● WHAT TO WORK ON
Transcribe the material from its first line onward, ending with the line that contains "1girls ai_generated cosplay" and adding nothing beyond it.

● DATA RECORDS
————

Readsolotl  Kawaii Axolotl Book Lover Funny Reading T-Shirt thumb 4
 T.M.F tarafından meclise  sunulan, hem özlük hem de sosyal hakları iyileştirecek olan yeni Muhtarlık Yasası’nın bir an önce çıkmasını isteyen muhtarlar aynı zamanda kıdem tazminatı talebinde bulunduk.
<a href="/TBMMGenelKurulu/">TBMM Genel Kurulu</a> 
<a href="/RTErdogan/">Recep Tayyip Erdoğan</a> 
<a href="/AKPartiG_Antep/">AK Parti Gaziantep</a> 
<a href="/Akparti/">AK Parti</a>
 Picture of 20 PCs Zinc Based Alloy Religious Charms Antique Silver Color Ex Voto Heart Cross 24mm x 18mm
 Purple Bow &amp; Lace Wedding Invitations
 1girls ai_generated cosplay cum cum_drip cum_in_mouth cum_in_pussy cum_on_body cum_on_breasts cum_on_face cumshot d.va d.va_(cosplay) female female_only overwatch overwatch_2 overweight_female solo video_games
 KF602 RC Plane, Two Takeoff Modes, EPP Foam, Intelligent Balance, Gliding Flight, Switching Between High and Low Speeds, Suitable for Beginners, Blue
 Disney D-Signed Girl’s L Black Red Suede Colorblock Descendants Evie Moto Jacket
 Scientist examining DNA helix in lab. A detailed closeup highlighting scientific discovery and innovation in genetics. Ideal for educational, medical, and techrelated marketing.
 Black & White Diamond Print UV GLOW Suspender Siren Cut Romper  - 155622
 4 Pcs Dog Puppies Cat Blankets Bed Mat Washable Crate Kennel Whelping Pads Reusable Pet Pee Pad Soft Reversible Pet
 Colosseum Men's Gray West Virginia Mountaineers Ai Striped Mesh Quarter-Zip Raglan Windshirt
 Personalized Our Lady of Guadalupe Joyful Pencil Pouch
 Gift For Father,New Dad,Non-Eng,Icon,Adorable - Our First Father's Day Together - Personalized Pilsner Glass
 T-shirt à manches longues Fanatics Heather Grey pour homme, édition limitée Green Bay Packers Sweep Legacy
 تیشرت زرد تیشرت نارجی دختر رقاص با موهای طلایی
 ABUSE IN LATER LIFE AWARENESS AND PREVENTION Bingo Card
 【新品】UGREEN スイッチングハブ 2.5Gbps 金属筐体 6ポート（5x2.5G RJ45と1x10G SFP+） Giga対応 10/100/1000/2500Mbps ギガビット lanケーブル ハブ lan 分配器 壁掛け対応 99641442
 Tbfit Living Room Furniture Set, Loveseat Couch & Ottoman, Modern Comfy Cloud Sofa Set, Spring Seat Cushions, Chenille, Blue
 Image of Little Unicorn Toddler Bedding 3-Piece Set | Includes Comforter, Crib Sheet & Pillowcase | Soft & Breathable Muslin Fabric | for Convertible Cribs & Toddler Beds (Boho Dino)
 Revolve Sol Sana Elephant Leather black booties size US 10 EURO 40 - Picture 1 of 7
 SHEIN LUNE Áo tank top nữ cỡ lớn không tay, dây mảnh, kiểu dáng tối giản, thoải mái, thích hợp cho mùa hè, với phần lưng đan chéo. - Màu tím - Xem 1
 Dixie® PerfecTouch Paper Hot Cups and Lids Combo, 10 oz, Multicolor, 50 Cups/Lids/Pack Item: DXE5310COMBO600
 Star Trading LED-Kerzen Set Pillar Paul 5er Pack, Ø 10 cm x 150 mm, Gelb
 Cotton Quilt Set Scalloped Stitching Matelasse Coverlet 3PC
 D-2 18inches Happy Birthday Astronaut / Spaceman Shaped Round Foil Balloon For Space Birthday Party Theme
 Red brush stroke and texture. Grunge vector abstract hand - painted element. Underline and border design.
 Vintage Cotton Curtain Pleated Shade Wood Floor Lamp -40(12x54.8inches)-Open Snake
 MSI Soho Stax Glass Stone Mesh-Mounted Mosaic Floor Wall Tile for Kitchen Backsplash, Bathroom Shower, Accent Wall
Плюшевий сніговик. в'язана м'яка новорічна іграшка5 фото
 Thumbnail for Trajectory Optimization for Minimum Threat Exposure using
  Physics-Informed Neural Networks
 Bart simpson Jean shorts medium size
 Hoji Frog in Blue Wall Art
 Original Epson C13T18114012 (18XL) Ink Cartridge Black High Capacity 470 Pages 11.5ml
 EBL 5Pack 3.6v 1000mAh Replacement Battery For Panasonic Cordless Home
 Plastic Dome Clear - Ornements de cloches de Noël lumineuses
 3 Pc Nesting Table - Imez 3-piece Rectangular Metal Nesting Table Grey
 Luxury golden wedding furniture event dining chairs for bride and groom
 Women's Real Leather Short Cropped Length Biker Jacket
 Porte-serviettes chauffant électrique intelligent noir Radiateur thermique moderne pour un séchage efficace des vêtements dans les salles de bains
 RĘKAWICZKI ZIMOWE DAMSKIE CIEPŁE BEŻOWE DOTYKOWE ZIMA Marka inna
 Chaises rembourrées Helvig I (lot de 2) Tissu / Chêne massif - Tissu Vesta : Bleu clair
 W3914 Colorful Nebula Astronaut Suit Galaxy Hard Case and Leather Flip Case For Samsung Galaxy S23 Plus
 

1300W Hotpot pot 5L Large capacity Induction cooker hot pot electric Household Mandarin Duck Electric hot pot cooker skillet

————

● RESULT FOR THIS EXERCISE
Readsolotl  Kawaii Axolotl Book Lover Funny Reading T-Shirt thumb 4
 T.M.F tarafından meclise  sunulan, hem özlük hem de sosyal hakları iyileştirecek olan yeni Muhtarlık Yasası’nın bir an önce çıkmasını isteyen muhtarlar aynı zamanda kıdem tazminatı talebinde bulunduk.
<a href="/TBMMGenelKurulu/">TBMM Genel Kurulu</a> 
<a href="/RTErdogan/">Recep Tayyip Erdoğan</a> 
<a href="/AKPartiG_Antep/">AK Parti Gaziantep</a> 
<a href="/Akparti/">AK Parti</a>
 Picture of 20 PCs Zinc Based Alloy Religious Charms Antique Silver Color Ex Voto Heart Cross 24mm x 18mm
 Purple Bow &amp; Lace Wedding Invitations
 1girls ai_generated cosplay cum cum_drip cum_in_mouth cum_in_pussy cum_on_body cum_on_breasts cum_on_face cumshot d.va d.va_(cosplay) female female_only overwatch overwatch_2 overweight_female solo video_games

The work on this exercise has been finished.